Pour surmonter les obstacles à l’inscription des filles à l’école, à leur maintien en milieu scolaire et à l’achèvement de leur cursus, en particulier dans les communautés d’accueil de Turkana et à Eastleigh, le FAWE Kenya travaille de manière proactive avec la communauté pour faire progresser la parité dans l’éducation. Le FAWE encourage aussi l’engagement des parents et la participation des filles à la planification de l’éducation dans les situations d’urgence. Le forum est persuadé que cela aidera à cibler la réponse d’une manière qui profite aux filles et à permettre que leurs voix soient entendues.

Il appuie le secteur de l’éducation et les parties prenantes en vue d’influencer de manière constructive la prise de décisions et les allocations budgétaires aux niveaux national et régional.

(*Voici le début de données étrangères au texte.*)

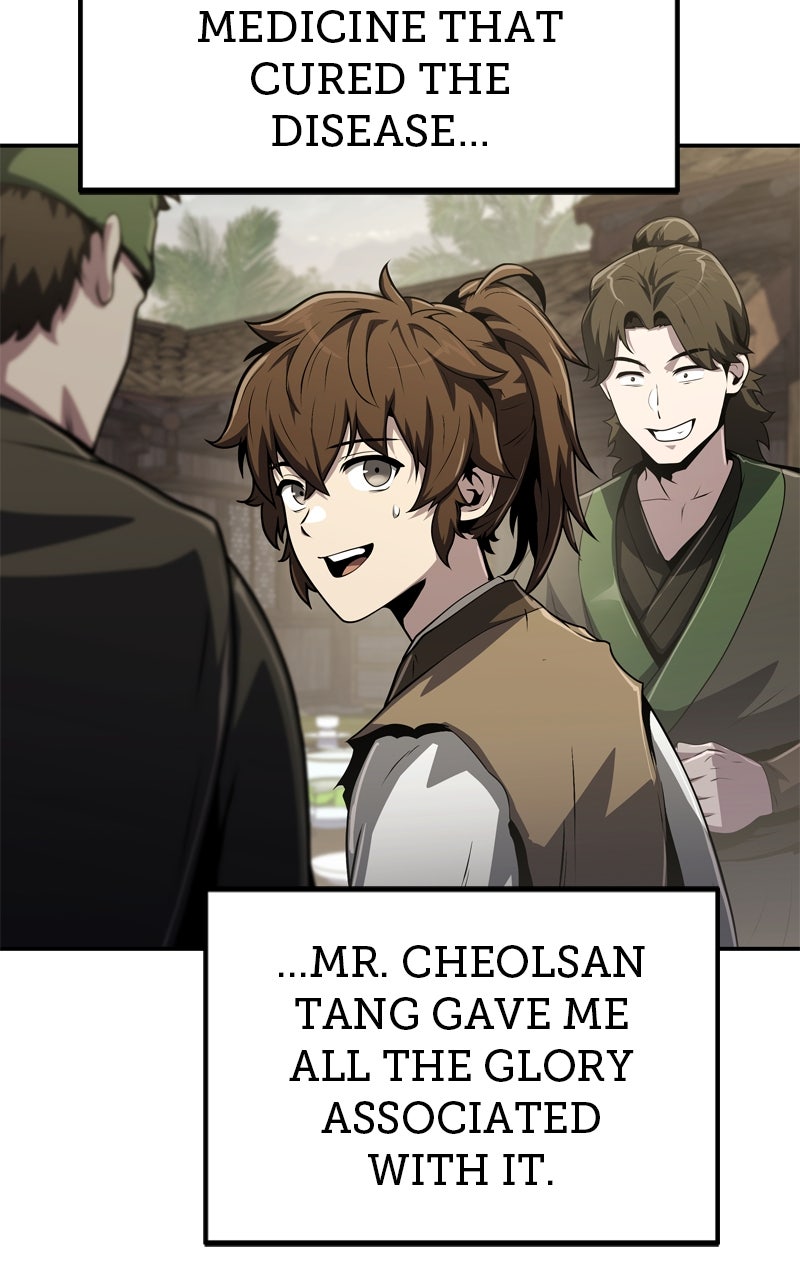 Read The Sichuan Tang Clan's Entomologist en Manga Online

Grâce à son programme EIE (éducation dans les situations d’urgence) bien conçu, le FAWE veille à ce que la qualité de l’éducation des filles soit une priorité absolue. Avec la collaboration des groupes de travail de Nairobi et de Turkana pour le plaidoyer, un large éventail d’obstacles à l’éducation des filles peut être abordé, notamment en utilisant des stratégies, des outils et des approches axés sur les données et tenant compte des sexospécificités pour placer l’égalité de genre au cœur de l’EIE. 

Des recherches approfondies ont été menées pour documenter des stratégies fondées sur des éléments factuels et probants, permettant de modifier le parcours des filles qui grandissent dans des contextes de crise en renforçant notamment leur résilience et leur potentiel pour les habiliter à reconstruire leur vie et à refaçonner leur communauté. Les recherches conduites par le FAWE ont permis de suivre une analyse comparative fondée sur des données, qualitatives et quantitatives, ventilées par sexe et d’autres variables, afin d’identifier et de comprendre les disparités de genre et les normes et pratiques sexospécifiques liées aux difficultés d’accès et d’apprentissage pour les filles vivant dans la communauté d’accueil de Turkana et celles réfugiées en milieu urbain à Eastleigh, Nairobi. Des données documentées ont été désagrégées et nuancées pour appréhender ce qui se passe et pourquoi. Ces données essentielles seront intégrées dans les évaluations et les réponses du secteur de l’éducation kenyan et utilisées pour éclairer la conception et la mise en œuvre du programme, de partenariats, ainsi que le suivi et la communication de rapports visant à accélérer l’égalité pour les filles dans les situations d’urgence. 

Les efforts de plaidoyer servent aussi à canaliser des réponses multisectorielles pour faire face à l’éventail complet des difficultés qui font barrière à l’éducation des filles, tout en assurant la participation communautaire et en établissant des mécanismes de redevabilité. Par exemple, dans le comté de Turkana, grâce au programme « Wasichana Wetu Wafaulu», des serviettes sanitaires sont fournies par le ministère de l’Éducation. Le FAWE Kenya s’engage à exiger des comptes aux responsables de l’éducation du comté pour que les filles les plus pauvres et les plus nécessiteuses de la communauté d’accueil puissent obtenir cette aide et fréquentent l’école régulièrement comme les autres enfants.

Il demeure néanmoins nécessaire d’améliorer la coordination entre le gouvernement, les OSC et d’autres parties prenantes afin de garantir l’éducation des filles dans les situations d’urgence et d’encourager les communautés à la soutenir.